Es gilt, sich selbst und die Reaktionen von Körper und Nervensystem auf Stress und Gefahr aber auch auf Ruhe und Sicherheit und alles dazwischen kennenzulernen und emotional und körperlich zu begreifen. So wird es langsam, Stück für Stück möglich, sich, seine Geschichte, seine Reaktionen einsortieren und langsam ertasten zu können. Es gilt, sich und seine Sinne wieder aufzuwecken, auch hier sehr langsam. Denn aus der Vermeidung, dem Verstecken und Erstarren wieder aufzuwachen ins Sehen, Hören und Fühlen, kann weh tun. Aber mit einer zuverlässigen und ruhigen Begleitung ist vieles möglich und Schritt für Schritt lernt der Mensch, der sich vorher oft als „defekt“ oder „unmenschlich“ beschrieben hat, sich selbst als höchst menschlich, als fühlendes Wesen kennen, das, ganz achtsam, wieder lernen darf, mit sich selbst und anderen in Kontakt zu gehen und in Beziehung zu treten. Diesmal auf sehr viel gesündere und wohltuendere Art.

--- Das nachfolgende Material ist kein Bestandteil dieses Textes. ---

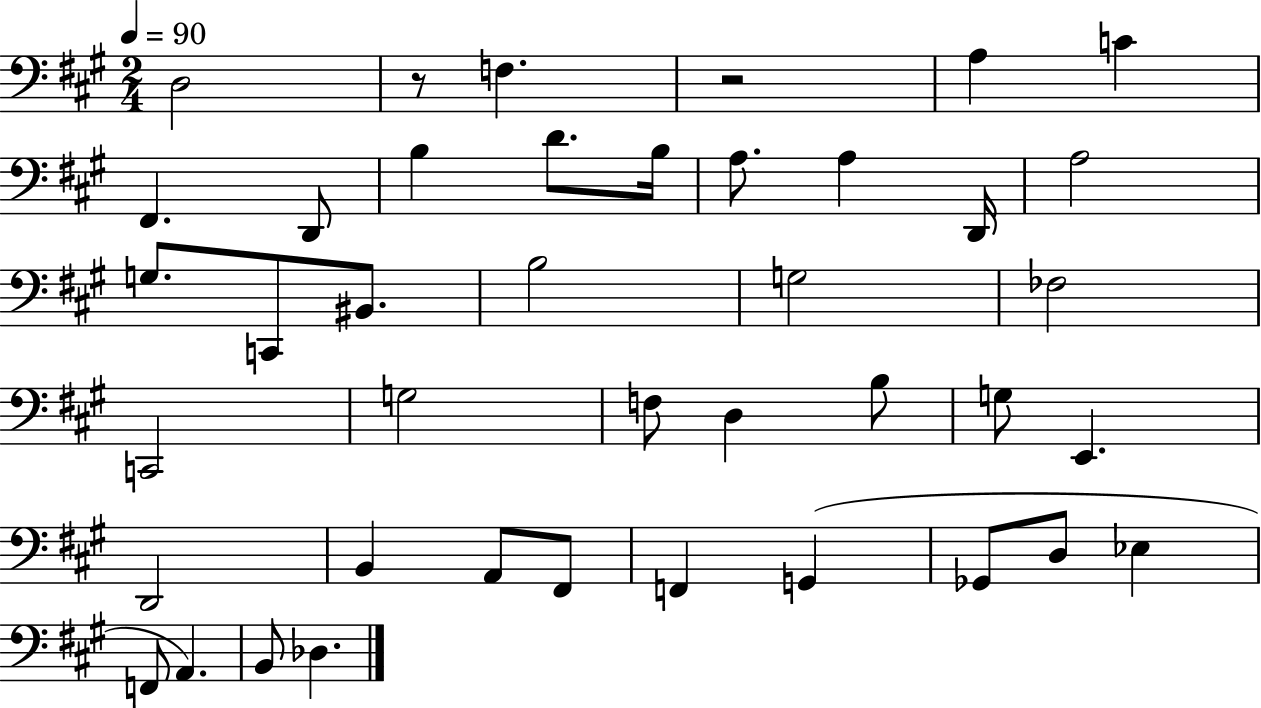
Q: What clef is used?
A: bass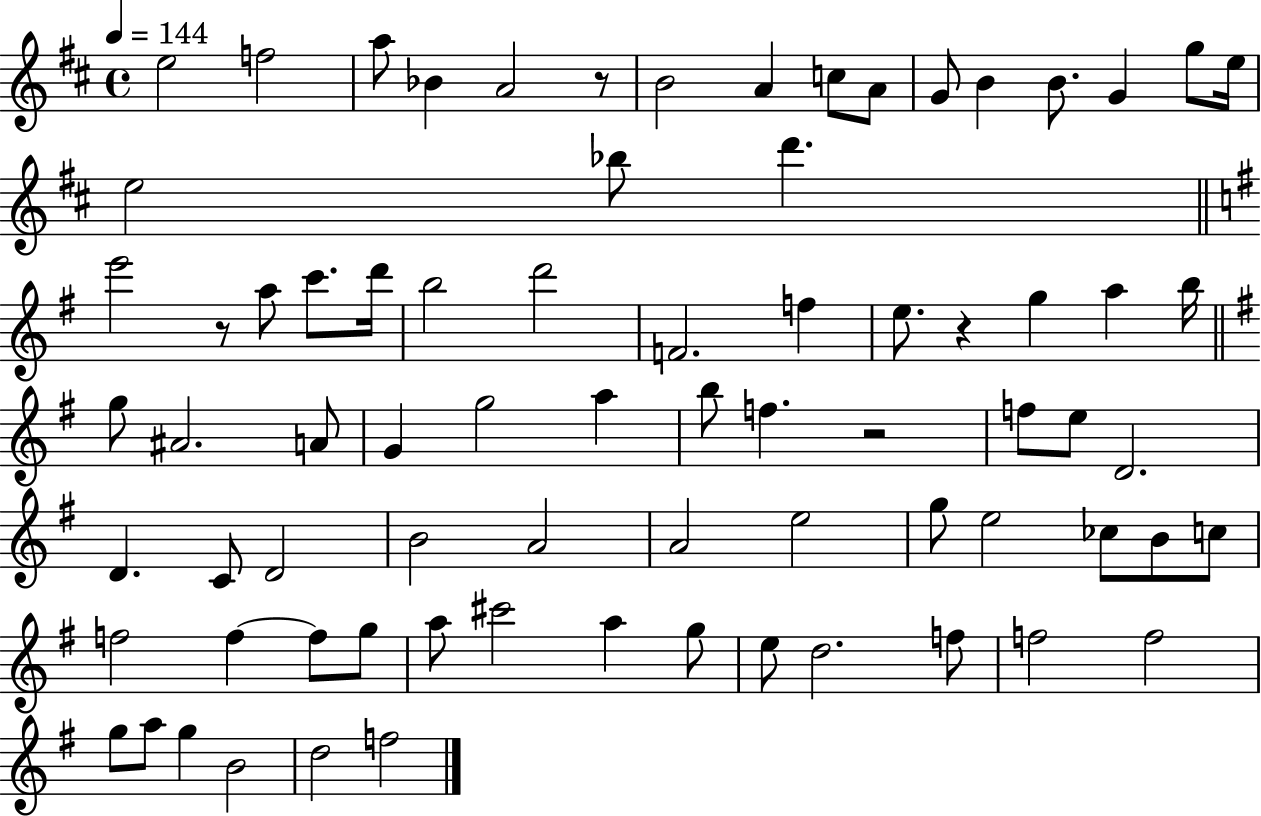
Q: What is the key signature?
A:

Er darf verstehen, dass all die merkwürdigen und teils sogar erschreckenden Symptome und Zustände seines Lebens höchst sinnvolle Antworten seines Körpers auf die erlebte Gefahr waren, die heute aber nicht mehr notwendig sind.
Damals hatten Sie keine Wahl. Heute haben Sie sie!